▶ Stored records:
******************************

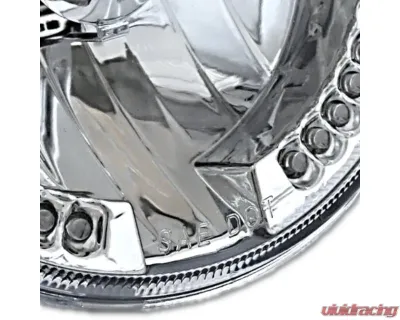 Octane Lighting 7" Red Split Circuit Half Circle LED Halo Ring Headlight - Pair (H4 Super White 55/60W Bulb) - OL-501R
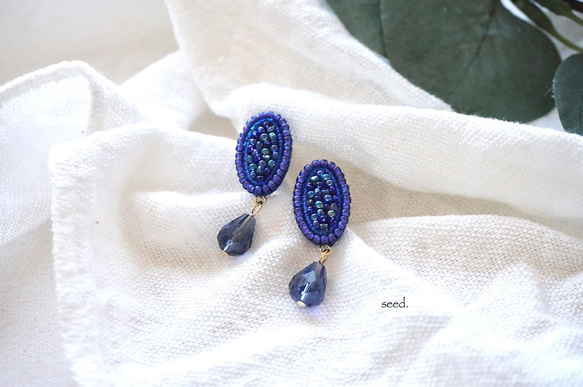 フレンチロップ　ショウガラゴ　コモンマーモセット　ビーズ刺繍　ハンドメイドピアス フレンチロップ ショウガラゴ コモンマーモセット ビーズ刺繍
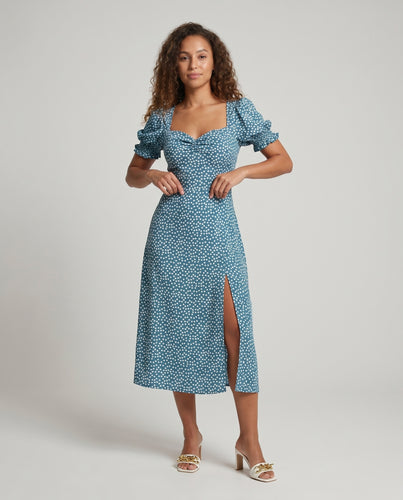 Damen Feminine Seitlicher Oberschenkelschlitz Mischgewebe Midikleid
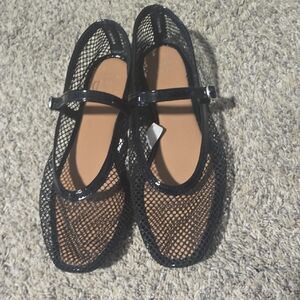 a new day Black Mesh Mary Jane Flats with Patent Strap
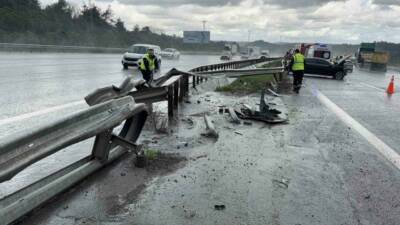 Arnavutköy’de etkili olan şiddetli dolu yağışı sonrası Kuzey Marmara Otoyolu’nda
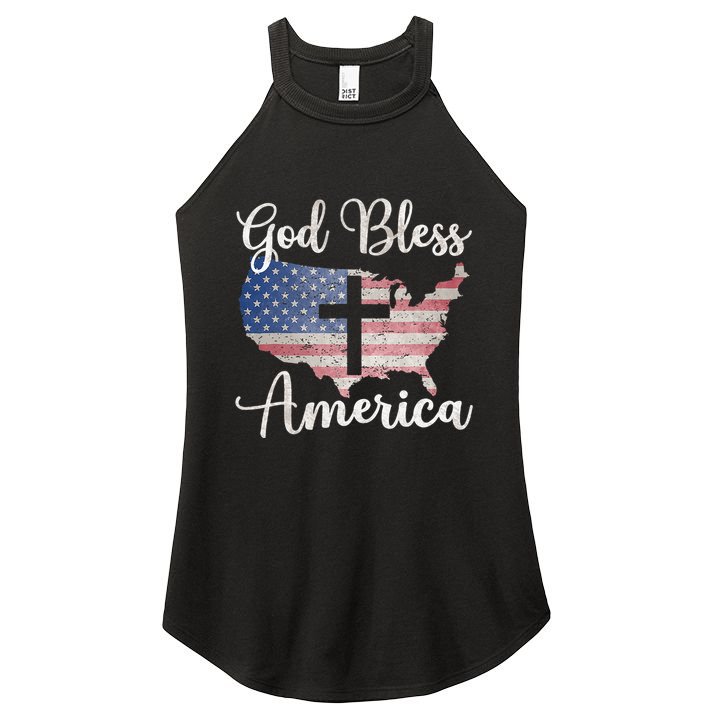 God Bless America Women's Perfect Tri Rocker Tank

******************************

▶ Your task:
Only the lines from the one containing "Arnavutköy’de etkili olan" through the last line of the data above, both included, belong in the reply, each restated exactly and without pictures.

▶ Task solution:
 Arnavutköy’de etkili olan şiddetli dolu yağışı sonrası Kuzey Marmara Otoyolu’nda
 God Bless America Women's Perfect Tri Rocker Tank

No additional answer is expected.